The caching system is built around a dual-repository pattern where an in-memory repository serves as a fast cache layer over a persistent database repository. The Cache struct wraps both repositories and implements the repository.Repository interface.

graph TB
    subgraph "Cache Layer Structure"
        CacheStruct["cache.Cache<br/>implements repository.Repository"]

        subgraph "Internal Components"
            StartTime["c.start: time.Time<br/>Cache initialization timestamp"]
            Freq["c.freq: time.Duration<br/>Write throttling interval"]
            CacheRepo["c.cache: repository.Repository<br/>In-memory repository"]
            DBRepo["c.db: repository.Repository<br/>Persistent repository"]
        end
    end

    subgraph "Repository Interface"
        RepoInterface["repository.Repository<br/>Entity/Edge/Tag operations"]
    end

    subgraph "Cache Management"
        EntityTag["createCacheEntityTag()<br/>checkCacheEntityTag()"]
        EdgeTag["createCacheEdgeTag()<br/>checkCacheEdgeTag()"]
    end

    CacheStruct -->|"contains"| StartTime
    CacheStruct -->|"contains"| Freq
    CacheStruct -->|"contains"| CacheRepo
    CacheStruct -->|"contains"| DBRepo
    CacheStruct -.->|"implements"| RepoInterface
    CacheStruct -->|"uses"| EntityTag
    CacheStruct -->|"uses"| EdgeTag

    CacheRepo -.->|"implements"| RepoInterface
    DBRepo -.->|"implements"| RepoInterface

Cache Struct Components

The Cache struct contains four primary fields that control its behavior:

Field Type Purpose
start time.Time Records when the cache was initialized. Used as a baseline for temporal queries.
freq time.Duration Controls write throttling frequency. Determines how often cache data is synchronized to the persistent database.
cache repository.Repository In-memory repository for fast data access. Typically a SQLite in-memory database.
db repository.Repository Persistent repository for durable storage. Can be PostgreSQL, SQLite file, or Neo4j.
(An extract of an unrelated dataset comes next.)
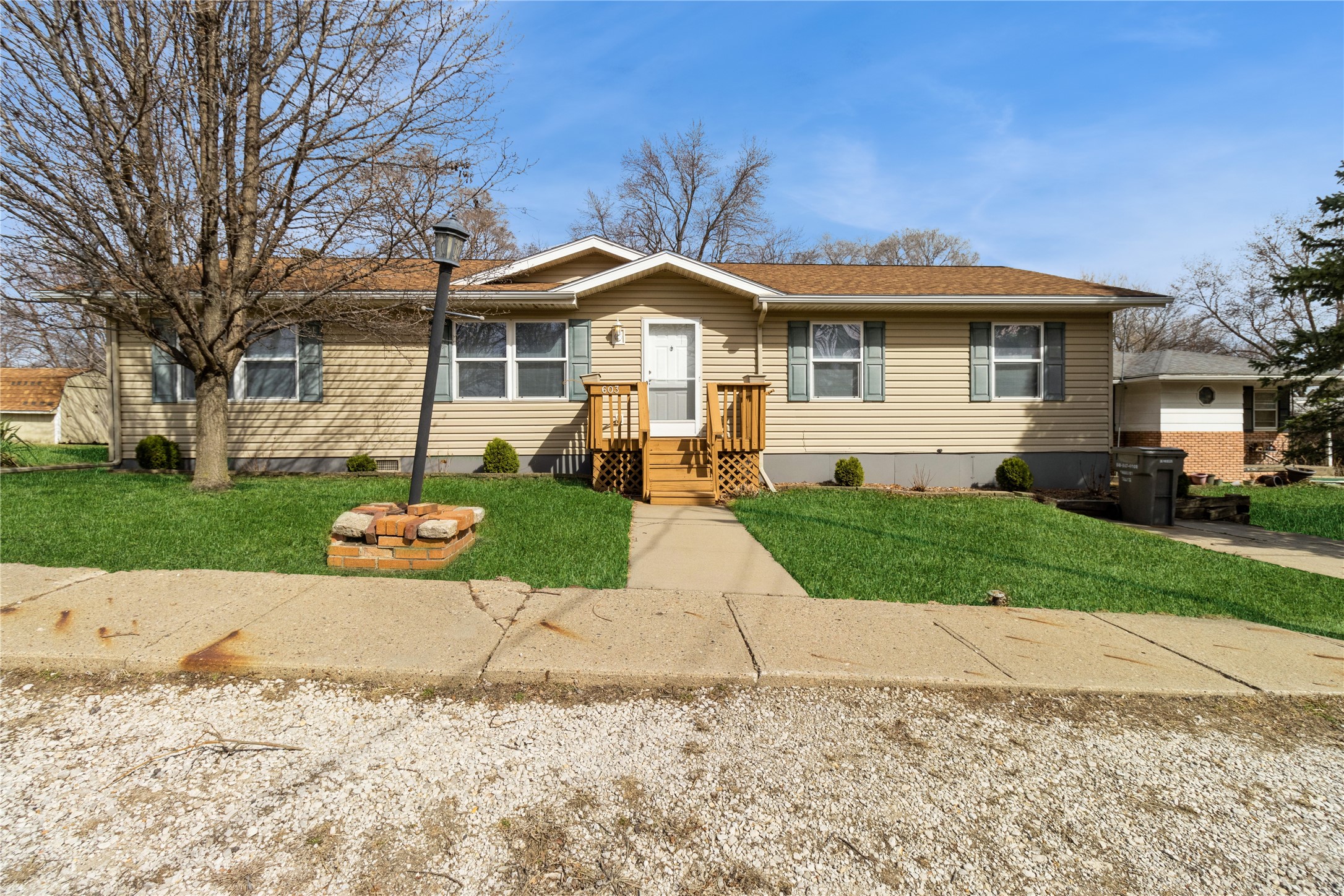 603 5th Street Property Photo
The cache is created using the New function:

func New(cache, database repository.Repository, freq time.Duration) (*Cache, error)

Dual Repository Pattern

The caching system implements a dual-repository pattern where operations are distributed between the fast in-memory cache and the slower persistent database based on operation type and temporal parameters.

sequenceDiagram
    participant Client
    participant Cache["cache.Cache"]
    participant CacheRepo["c.cache<br/>(In-Memory)"]
    participant DBRepo["c.db<br/>(Persistent)"]
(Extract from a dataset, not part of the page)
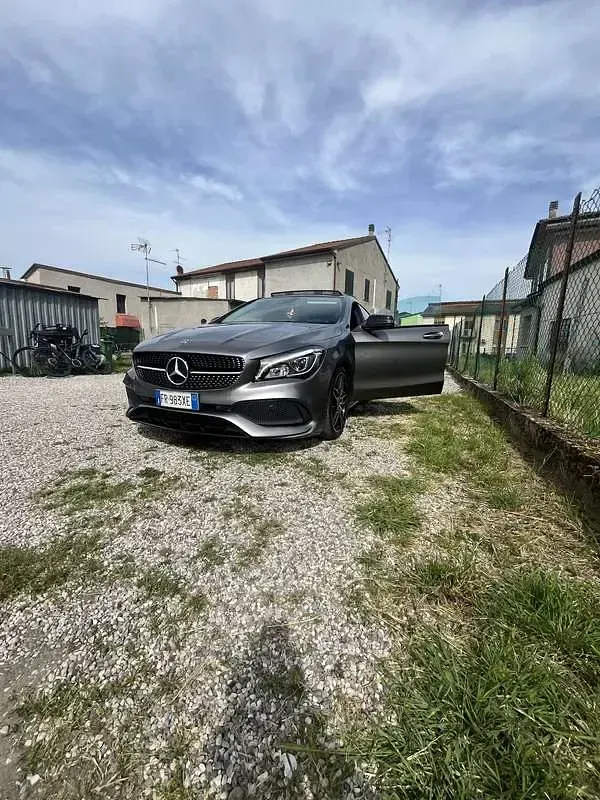 Usata Mercedes CLA200 Shooting Brake Edition 136 CV (100 kW) 2018 Station wagon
    Note over Client,DBRepo: Write Operation Flow
    Client->>Cache: "CreateEntity(entity)"
    Cache->>CacheRepo: "CreateEntity(entity)"
    CacheRepo-->>Cache: "entity"
    Cache->>Cache: "createCacheEntityTag()"
    Cache->>DBRepo: "CreateEntity() (throttled)"
    DBRepo-->>Cache: "entity"
    Cache-->>Client: "entity"

    Note over Client,DBRepo: Read Operation Flow (Cache Hit)
    Client->>Cache: "FindEntityById(id)"
    Cache->>CacheRepo: "FindEntityById(id)"
    CacheRepo-->>Cache: "entity (found)"
    Cache-->>Client: "entity"

    Note over Client,DBRepo: Read Operation Flow (Cache Miss)
    Client->>Cache: "FindEntitiesByType(type, since)"
    Cache->>Cache: "checkCacheEntityTag()"
    Cache->>DBRepo: "FindEntitiesByType()"
    DBRepo-->>Cache: "entities"
    Cache->>CacheRepo: "Populate cache"
    Cache->>Cache: "createCacheEntityTag()"
    Cache-->>Client: "entities"

Write Operations: Data is immediately written to the in-memory cache and tagged with a cache timestamp. Writes to the persistent database are throttled based on the freq duration to reduce database load.

Read Operations: The cache checks the in-memory repository first. If data is not found or is stale (based on since parameters and cache tags), the persistent database is queried and the cache is populated.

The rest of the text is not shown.